TASK PROMPT - If pictures are present, leave them out, and copy the data word for word.

START DATA TO USE

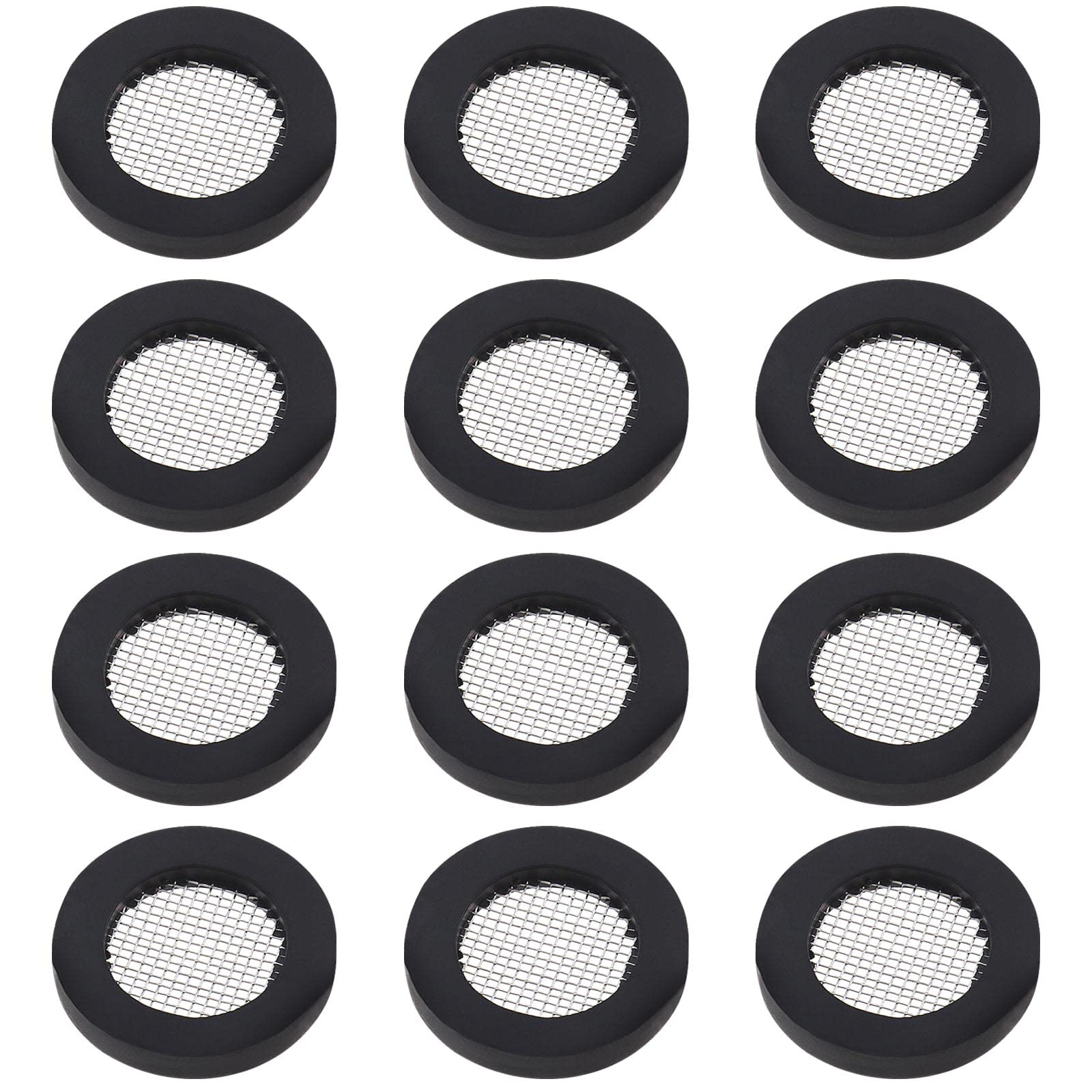 YINETTECH 50PCS Stainless Steel Filter Garden Hose Washer Seal O Ring Gasket Water Faucet Rubber Washer with 40 Mesh for 3/4 Inch Garden Hose Water Faucet Shower Head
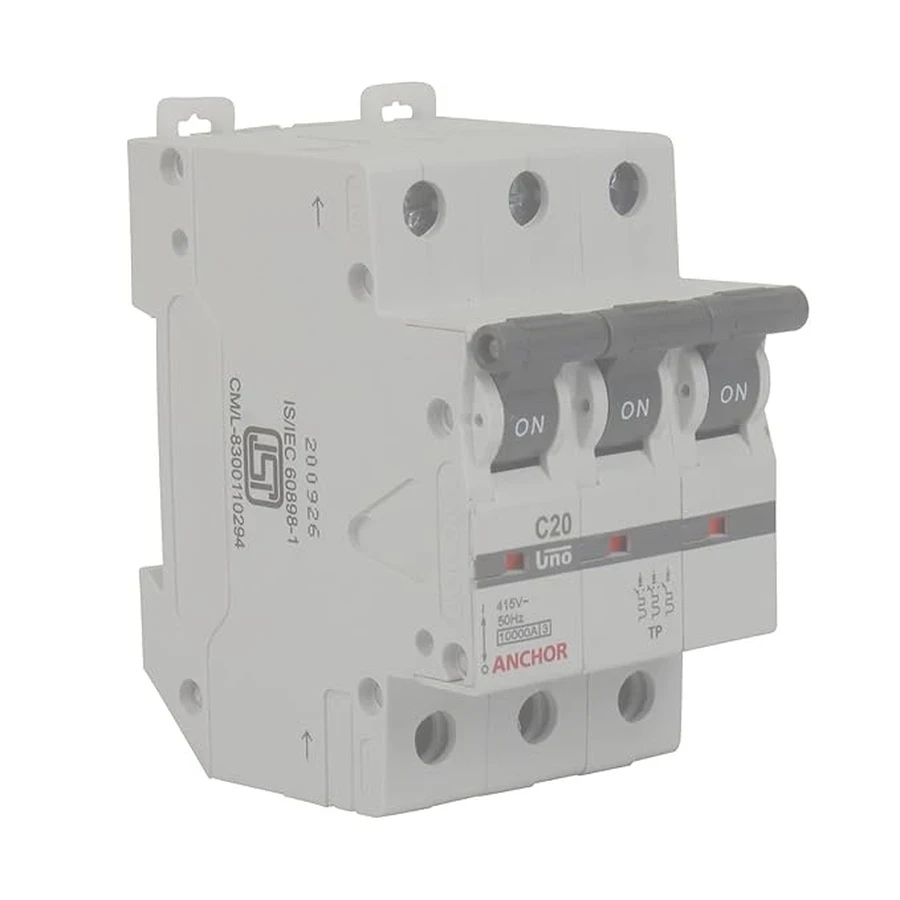 Anchor UNO TP MCB 20A 'C' Curve 98028 - Three Pole, Low Current Capacity, Wall Mount Standard Circuit Breaker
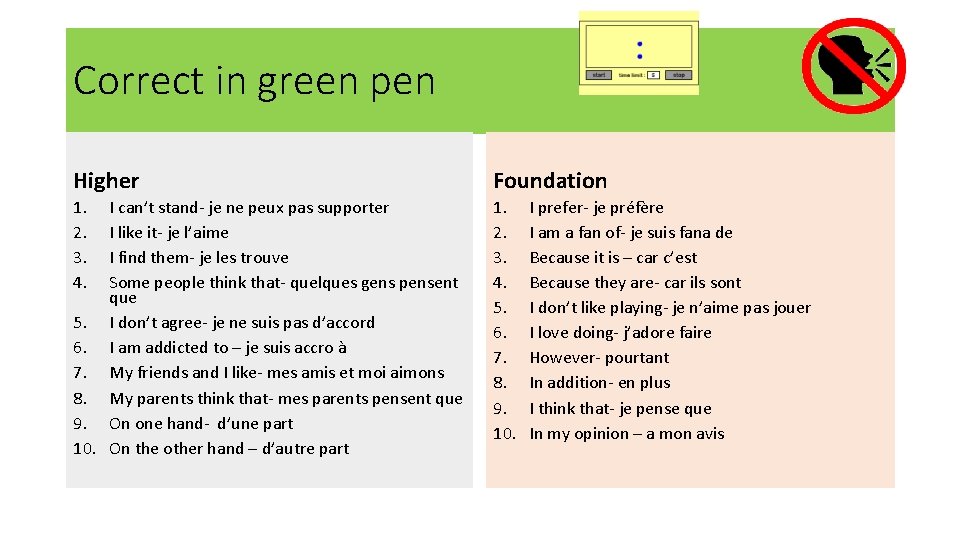 Correct in green pen Higher Foundation 1. 2. 3. 4. 5. 6. 7. 8.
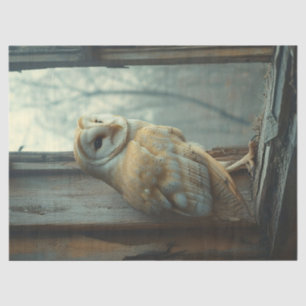 Rustic Owl In The Window Art Decoupage Tissue Paper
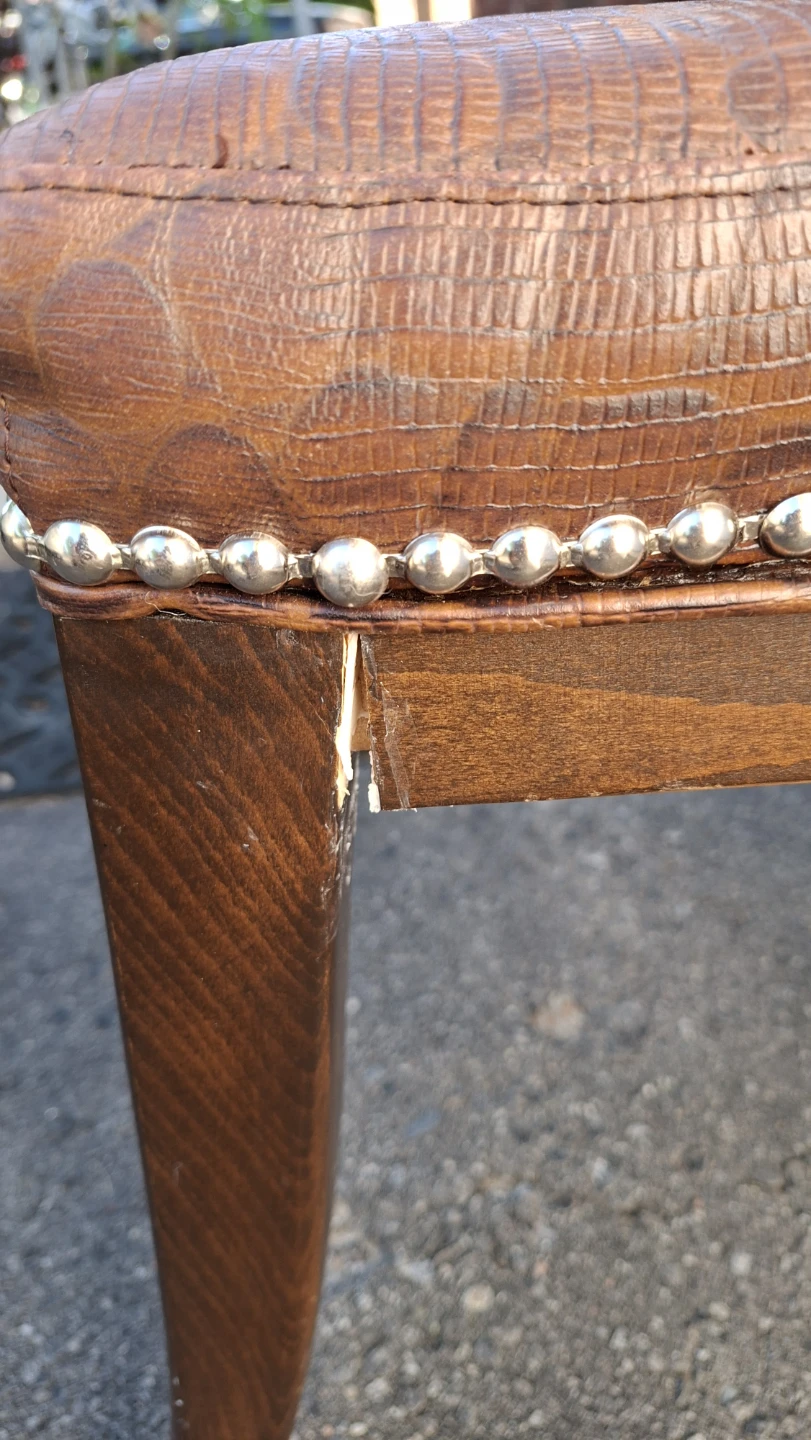 Brown Faux Croc Accent Chair with Studding - photo 5
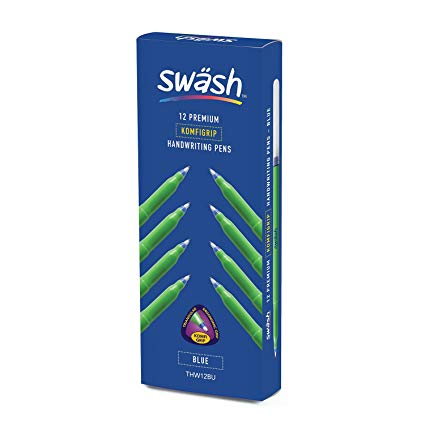 Swash THW12BU Komfigrip Handwriting Pen, Blue (Pack of 12)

END DATA TO USE

OUTPUT OF THE EXERCISE -
 YINETTECH 50PCS Stainless Steel Filter Garden Hose Washer Seal O Ring Gasket Water Faucet Rubber Washer with 40 Mesh for 3/4 Inch Garden Hose Water Faucet Shower Head
 Anchor UNO TP MCB 20A 'C' Curve 98028 - Three Pole, Low Current Capacity, Wall Mount Standard Circuit Breaker
 Correct in green pen Higher Foundation 1. 2. 3. 4. 5. 6. 7. 8.
 Rustic Owl In The Window Art Decoupage Tissue Paper
 Brown Faux Croc Accent Chair with Studding - photo 5
 Swash THW12BU Komfigrip Handwriting Pen, Blue (Pack of 12)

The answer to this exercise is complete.